Cessation time approach incorporating parametric and non-parametric machine-learning algorithms for recovery test data

ŞAHİN A. U., Çiftçi E.

Hydrological Sciences Journal, vol.68, no.11, pp.1578-1590, 2023 (SCI-Expanded) identifier

  • Publication Type: Article / Article
  • Volume: 68 Issue: 11
  • Publication Date: 2023
  • Doi Number: 10.1080/02626667.2023.2230202
  • Journal Name: Hydrological Sciences Journal
  • Journal Indexes: Science Citation Index Expanded (SCI-EXPANDED), Scopus, Academic Search Premier, IBZ Online, PASCAL, Aqualine, Aquatic Science & Fisheries Abstracts (ASFA), CAB Abstracts, Compendex, Geobase, INSPEC, Pollution Abstracts, Civil Engineering Abstracts
  • Page Numbers: pp.1578-1590
  • Keywords: aquifer analysis, machine learning, non-parametric algorithms, parameter estimation, recovery test
  • Hacettepe University Affiliated: Yes


In this study we propose a new method called the cessation time approach (CTA) for interpreting recovery tests in confined aquifers, which is based on the Theis solution.

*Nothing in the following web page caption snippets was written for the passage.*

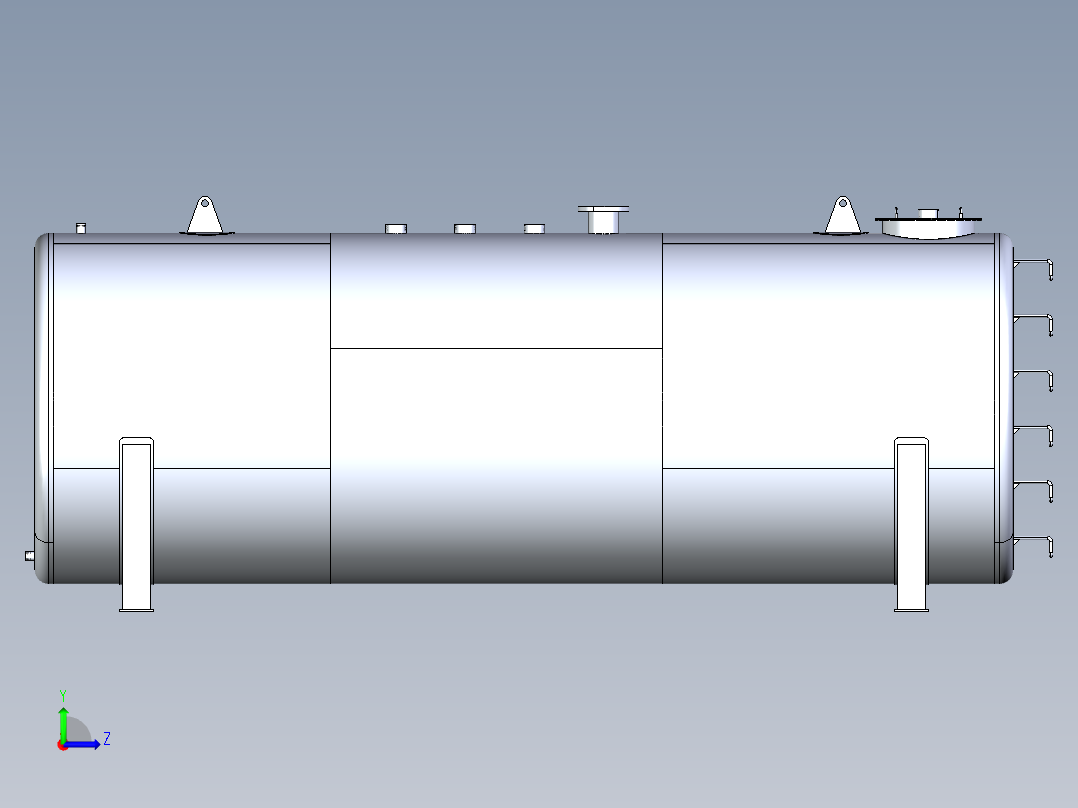 76 x 204, IGS贮存罐左视图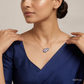 SJJDN126 | Divine Protection Diamond Statement Necklace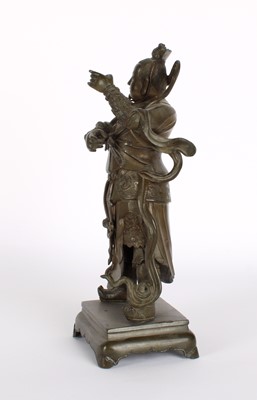 Lot 51 - A Chinese Bronze Figure of Guan Yu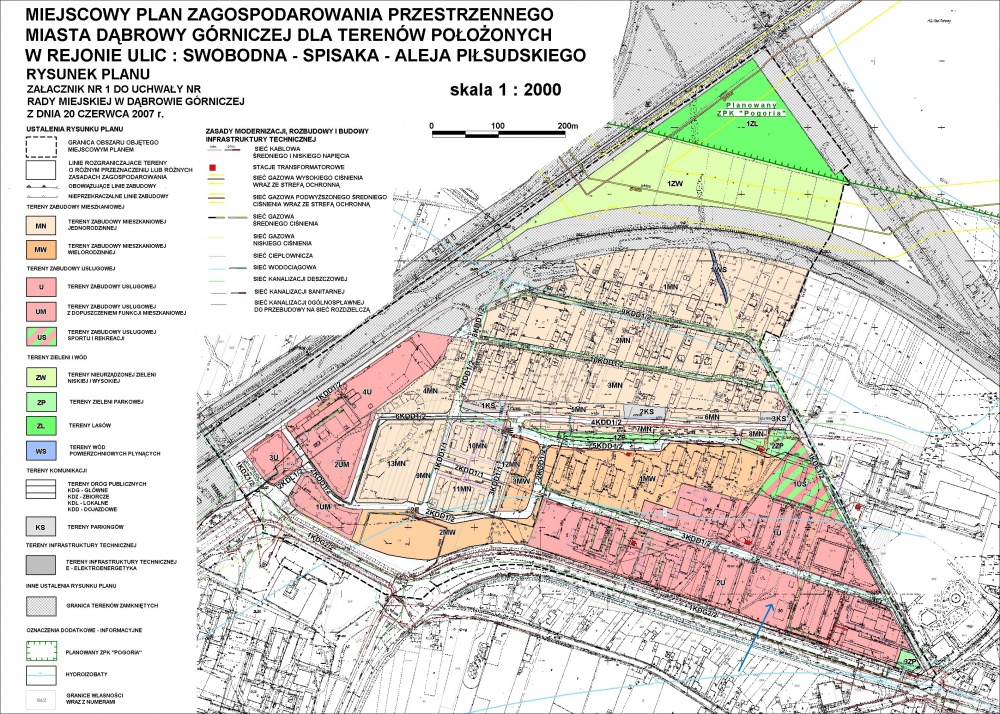 Działka komercyjna przy Piłsudskiego w Dąbrowie Górniczej - 2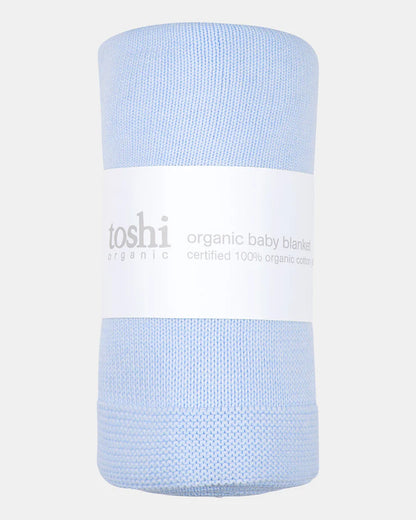 Organic Blanket - Snowy - Sea Breeze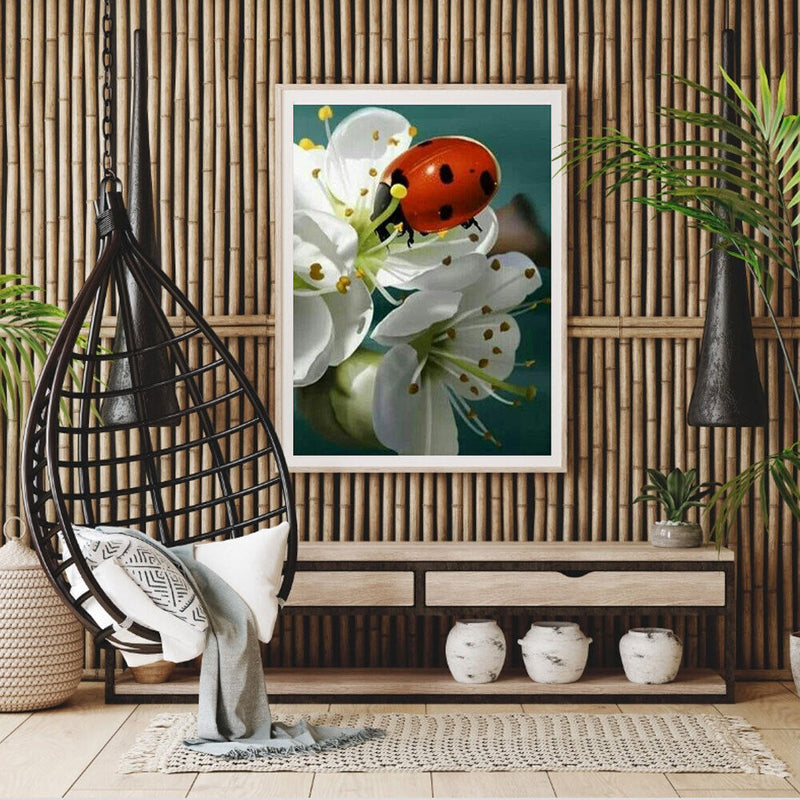 5D Diamond Painting Flower Full Round Drill Rhinestone DIY Wall Art (E1261)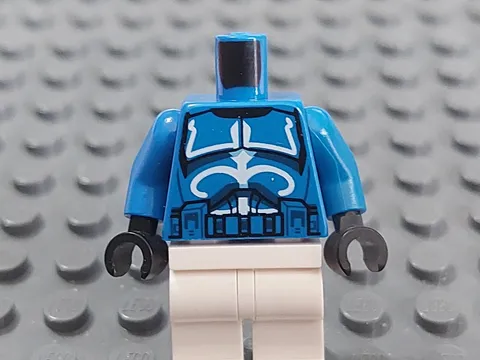 Lego Star Wars 75088 Blue Senate Commando Captain Torso - Used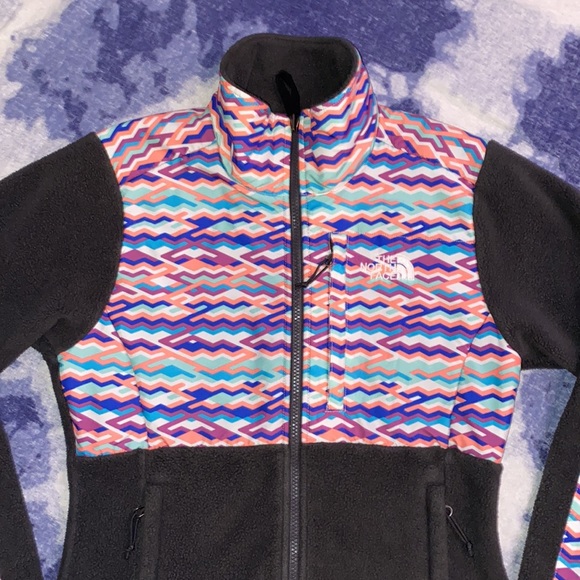 The North Face Gray Multi-Color Zip Fleece Jacket XS - Picture 2 of 12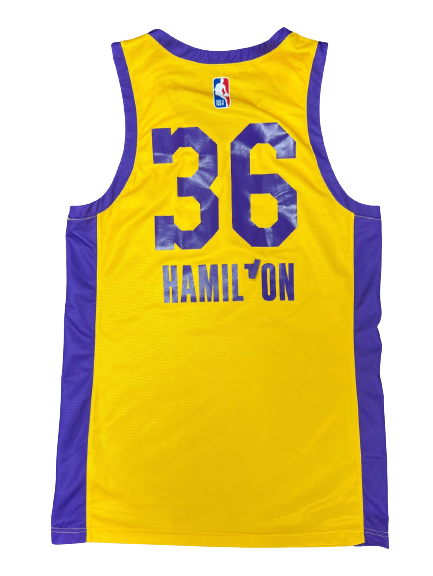 Bryce Hamilton Los Angeles Lakers Game Worn Summer League Game Jersey (Size LTT)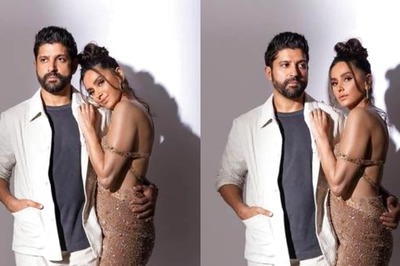 Shibani Dandekar Introduces the 'Akhtars' as She Poses With Farhan Akhtar for a Glamorous Photo-Op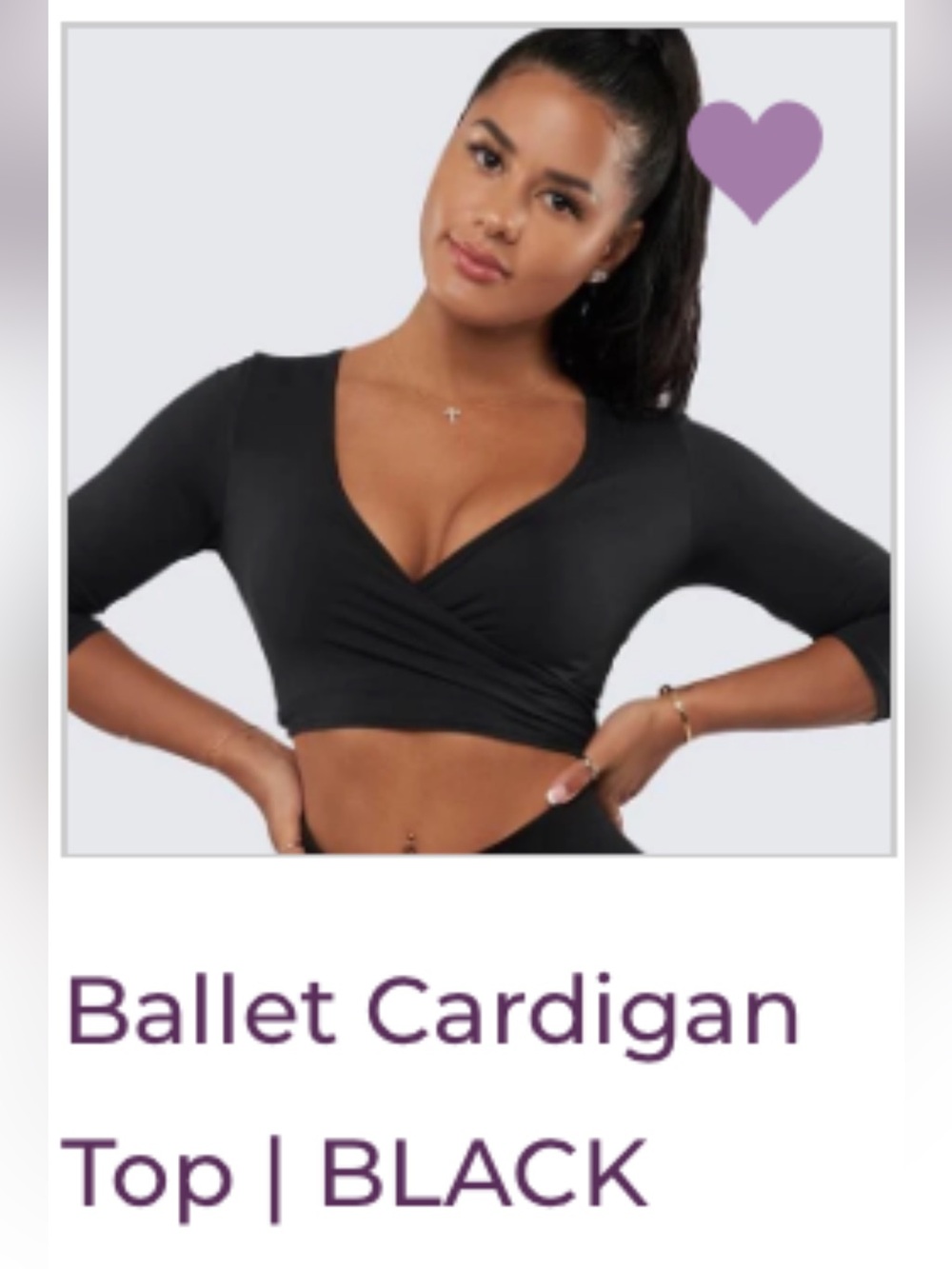 workoutsbyKatya WBK FIT Ballet Cardigan Top 🖤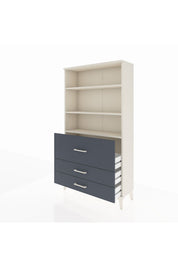 Arges Dolap 3 Raflı 3 Çekmeceli 88x30x163 - S21M132V2A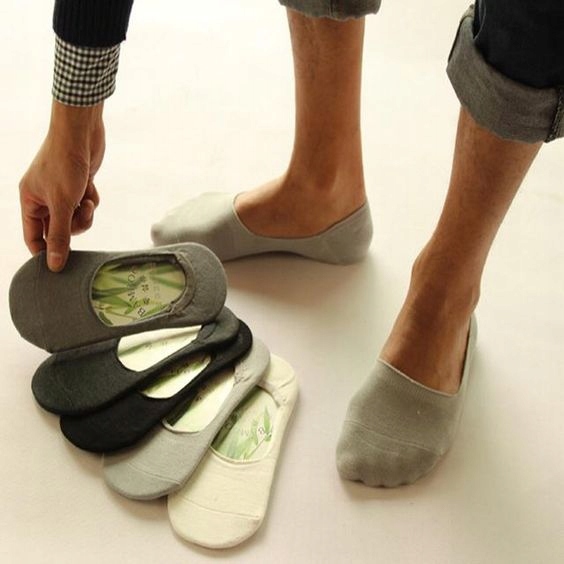 BEŻOWE BAWEŁNIANE STOPKI MOKASYNKI MĘSKIE 41/43 Rozmiar 41-43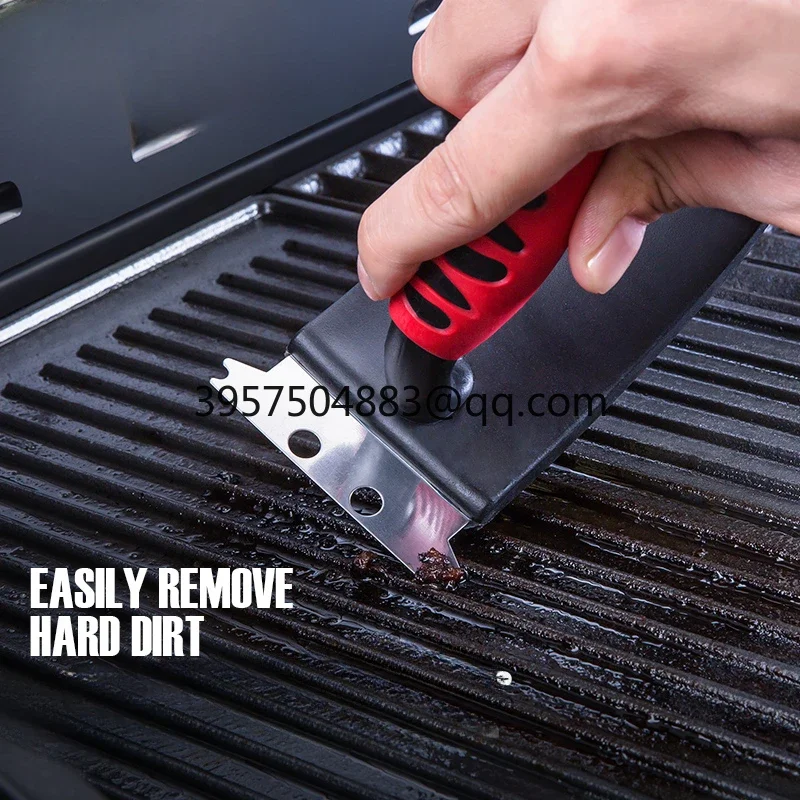 Cleaning brush, cleaning utensils, three-in-one, outdoor courtyard barbecue grill, barbecue grill, cleaning accessories, tools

The CTA method involves selecting a residual drawdown measurement from the recovery phase and linking it to its dimensionless counterpart through simple algebraic steps. This approach is then incorporated with a regression model to estimate aquifer parameters. The performance of several parametric polynomial and non-parametric machine learning regression models was investigated using various datasets. Results show that CTA with third-order multivariable polynomials produced highly accurate parameter estimates with a normalized root mean squared error (NRMSE) within 0.5% for a field dataset. Among the machine learning algorithms tested, the radial basis function and Gaussian process regression achieved the highest accuracy with NRMSEs of 0.6%. We conclude that CTA can be a viable interpretation tool for recovery tests due to its accuracy and simplicity.